# Discovery Datasets
## Task 1
### Background
In T134301, we looked at the distribution of session lengths of Wikipedia.org Portal visitors in May 2016, using the event logging data collected through [[ https://meta.wikimedia.org/wiki/Schema:WikipediaPortal | this schema ]]. The codebase for this analysis is [[ https://github.com/wikimedia-research/Discovery-Research-Portal/tree/master/Analyses/Session%20Length | on GitHub ]]. The first draft of [[ https://github.com/wikimedia-research/Discovery-Research-Portal/blob/master/Analyses/Session%20Length/report.pdf | the report ]] never got properly finished (published to [[ https://commons.wikimedia.org/wiki/Main_Page | Commons ]] like [[ https://commons.wikimedia.org/wiki/File:Report_on_Cirrus_Search_TextCat_AB_Test_-_Language_Detection_on_English,_French,_Spanish,_Italian,_and_German_Wikipedias.pdf | some ]] [[ https://commons.wikimedia.org/wiki/File:Wikipedia_Portal_Test_of_Language_Detection_and_Primary_Link_Resorting.pdf | other ]] [[ https://commons.wikimedia.org/wiki/File:From_Zero_to_Hero_-_Anticipating_Zero_Results_From_Query_Features,_Ignoring_Content.pdf | reports ]]).
### Objective
Your task is to reproduce the analysis but for June and July data (event logging keeps a 90-day backlog). If you can figure out additional insights that were not in the original report, great! You could even see if the language detection deployment (T133432) on June 2nd had an effect on session lengths.

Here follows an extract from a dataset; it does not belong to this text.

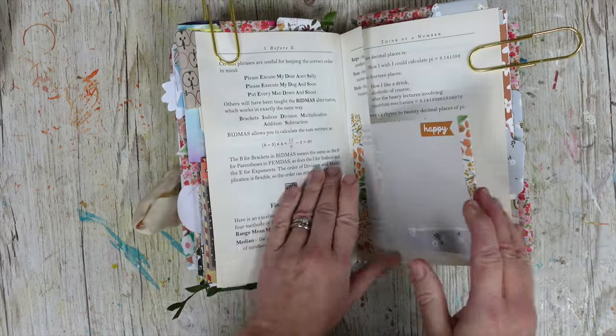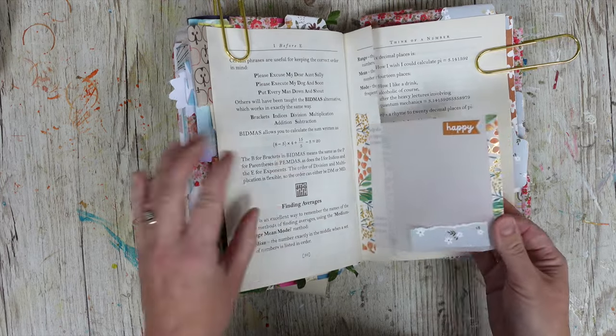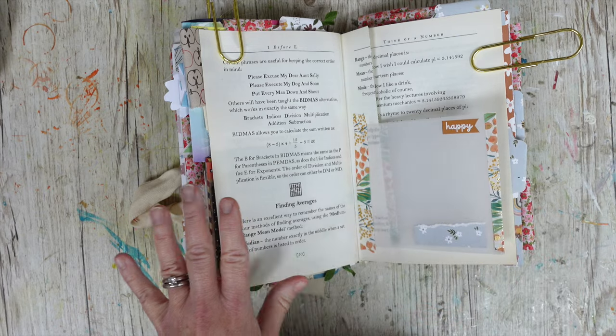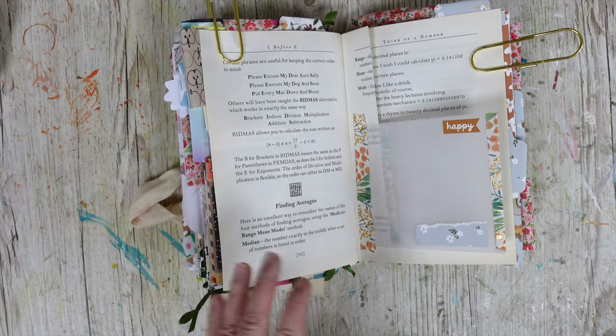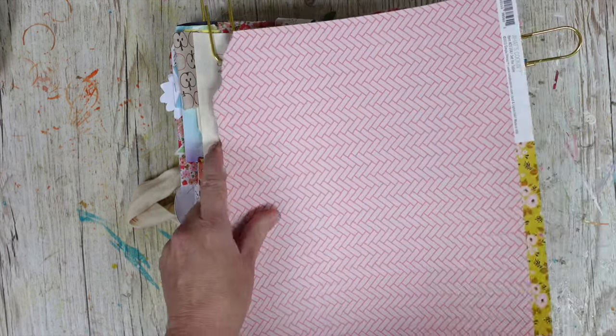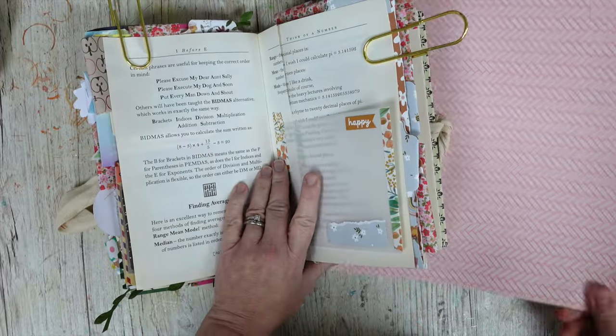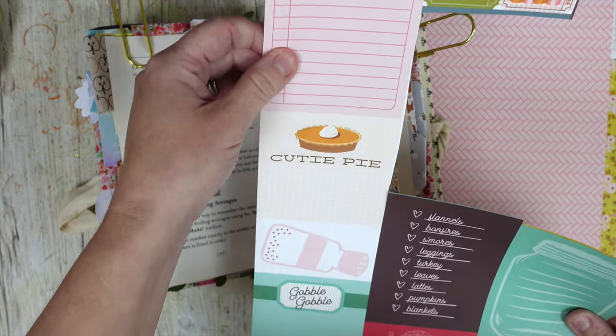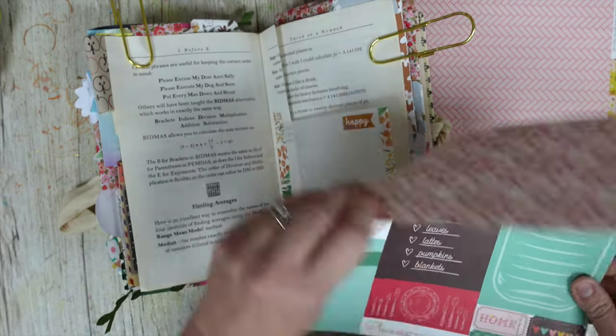This is the next page in my journal. It's a little flip that I've already created with a little pocket envelope — a vellum pocket that I made — so we're going to be using that as well. I haven't actually got a plan for this page yet. I don't know what I fancy doing. I think I'm just going to have a little look at some of these elements.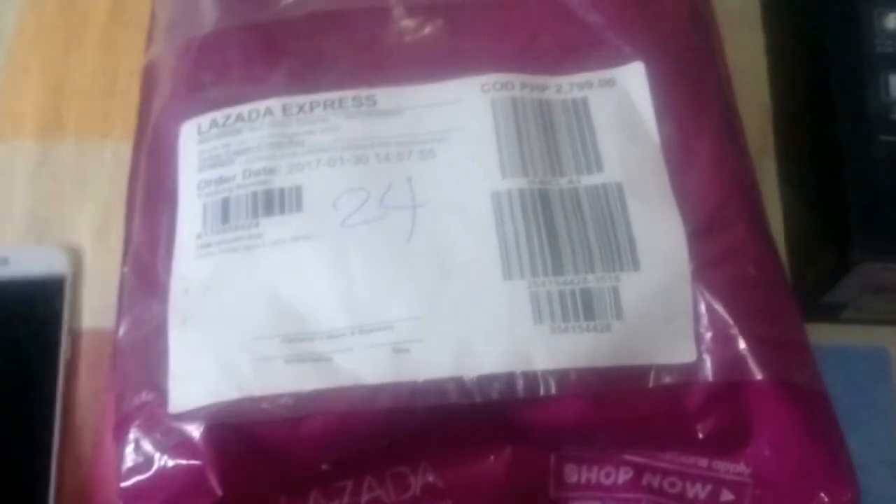Hi guys, good evening. It's Gabi, South Filipinas. This is going to be a quick review of the Flare 4. I got this from Lazada. I've been using this for about 4 or 5 months now, so it's going to be a good review about the performance and durability of the phone.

Feel free to make a folder called "Session Lengths v2" in https://github.com/wikimedia-research/Discovery-Research-Portal/tree/master/Analyses to store your code and report in.
## Additional Information
We have three databases/tables of interest:
- [[ https://wikitech.wikimedia.org/wiki/Analytics/EventLogging | Event logging ]] (what you will use for Task 1)
- Once ssh'd into stat1002 or stat1003: run `mysql -h analytics-store.eqiad.wmnet` to open the mysql command line interface
- In R (on stat1002), install our internal "[[ https://github.com/wikimedia/wikimedia-discovery-wmf/ | wmf ]]" package and use `wmf::build_query()` to execute queries and get that data into R
- Install **wmf** via `devtools::install_git('https://gerrit.wikimedia.org/r/wikimedia/discovery/wmf')`
- [[ https://wikitech.wikimedia.org/wiki/Analytics/Data/Webrequest | Webrequests ]] (accessed via [[ https://wikitech.wikimedia.org/wiki/Analytics/Cluster/Hive | Hive ]])
- [[ https://wikitech.wikimedia.org/wiki/Analytics/Data/Cirrus | Cirrus searches ]] (also accessed via Hive)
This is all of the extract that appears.